Vous militez notamment depuis quelque temps pour la professionnalisation du National. Cette crise vous conforte dans votre conviction qu’il est temps de faire du National cette fameuse « Ligue 3 » ?
Cette crise, c’est l’occasion de nous passer en professionnel. Ils doivent penser à comment nous aider pour payer tous nos salaires, rebondir et faire une belle saison l’année prochaine. Là, on n’a plus de nouvelles à ce sujet, mais on espère que la Fédération ne va pas revenir en arrière sur nos discussions. C’est un combat mené depuis des années par les présidents du National. On est dans une crise comme on n’a jamais vécu. Ne pas nous aider, ne rien changer, ce serait une claque supplémentaire. Il faut être juste. Les clubs de National sont dirigés par des chefs d’entreprise qui sont eux-mêmes dans la panade. S’ils ne sont pas aidés, c’est obligatoire que certains lâcheront les clubs. C’était déjà dur de boucler des budgets, alors sans les partenaires, c’est mort. La majorité des clubs du championnat ont des partenaires extérieurs, des entreprises, souvent des petites et moyennes, locales. Là, elles sont toutes en difficulté, donc c’est impossible de réclamer les sponsorings, d’autant qu’on ne joue plus… On est en National, on n’est pas en Ligue 2. Donc on n’a aucun avantage, mais on a tous les inconvénients parce qu’on nous demande de nous comporter comme des professionnels.
Comment ça se passe dans votre club depuis le début du confinement ? Vous arrivez à maintenir un certain équilibre ?

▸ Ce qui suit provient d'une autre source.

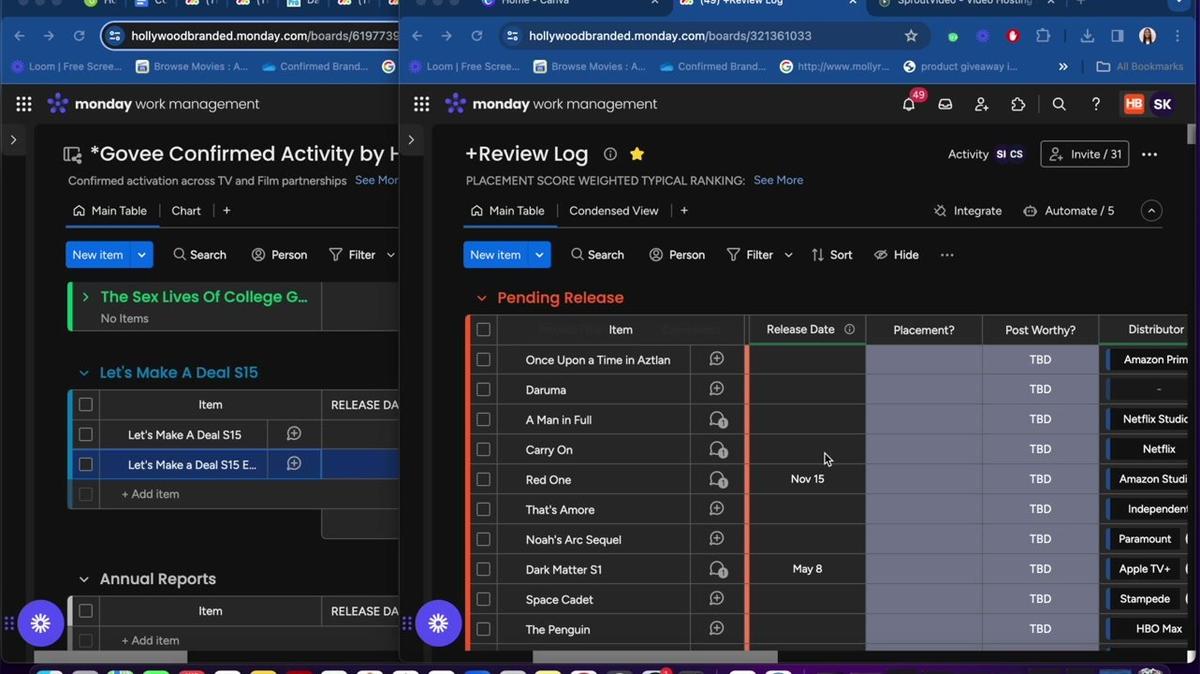 How To Make Client Reports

J’essaye d’avoir mes joueurs une fois par semaine, pareil pour l’entraîneur et le staff. On essaye de leur faire faire des exercices, des entraînements, mais c’est compliqué. On essaye de les accompagner aussi mentalement. Côté financier, on a fait les déclarations de chômage technique, on a avancé les salaires, au fur et à mesure, on va essayer de payer. Mais si on n’a aucune rentrée, aucune aide, ça va être compliqué. On est une SAS, donc il faudra payer nos salariés. On a toujours payé les charges, les impôts, c’est le moment de montrer que ça n’a pas servi à rien. On a besoin de la Fédération en ce moment, et des partenaires, de l’agglomération, des départements.